**DATA**

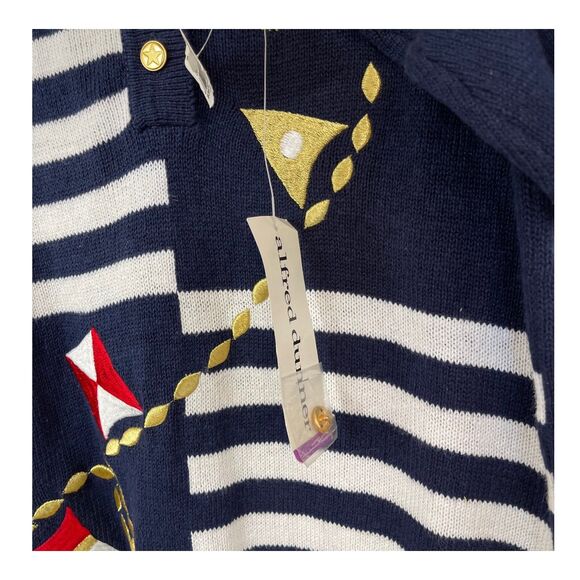 Vintage Sweater Top Knit Small Nautical Patchwork Sailor Art Heritage Classic - Picture 6 of 13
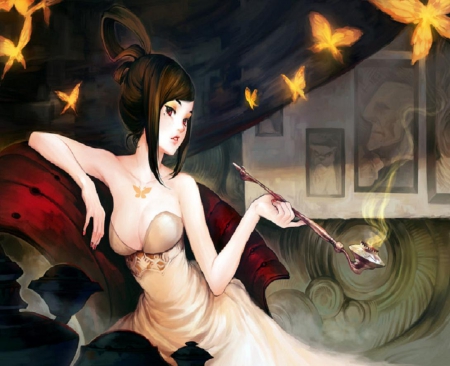 Umineko - witch, anime, girl, butterfly, umineko, smoke, golden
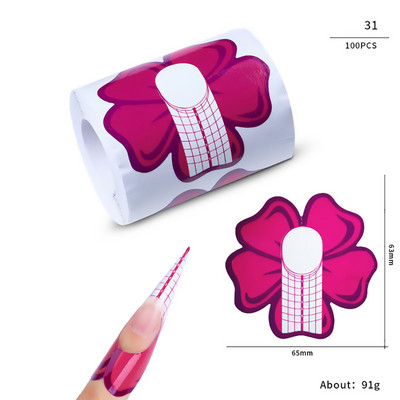 100db/Lot Nails zselé hosszabbító matrica gél akril hegyekhez French Fingernail Builder Forma kiterjesztett eszközök Manikűr papír tartó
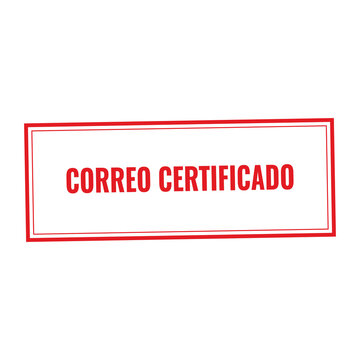 Red correo certificado ink rubber stamp impression isolated on transparent background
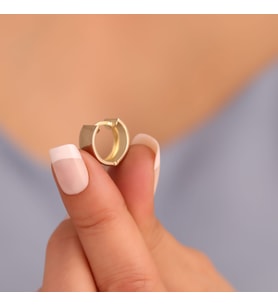 925 Ayar Altın Kaplama Kum-Mat Yüzeyli Minimal Halka Küpe - E00265 (Gold)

**PROBLEM STATEMENT**
Exactly reproduce each entry, but drop the pictures.

**ANSWER**
 Vintage Sweater Top Knit Small Nautical Patchwork Sailor Art Heritage Classic - Picture 6 of 13
 Umineko - witch, anime, girl, butterfly, umineko, smoke, golden
 100db/Lot Nails zselé hosszabbító matrica gél akril hegyekhez French Fingernail Builder Forma kiterjesztett eszközök Manikűr papír tartó
 Red correo certificado ink rubber stamp impression isolated on transparent background
 925 Ayar Altın Kaplama Kum-Mat Yüzeyli Minimal Halka Küpe - E00265 (Gold)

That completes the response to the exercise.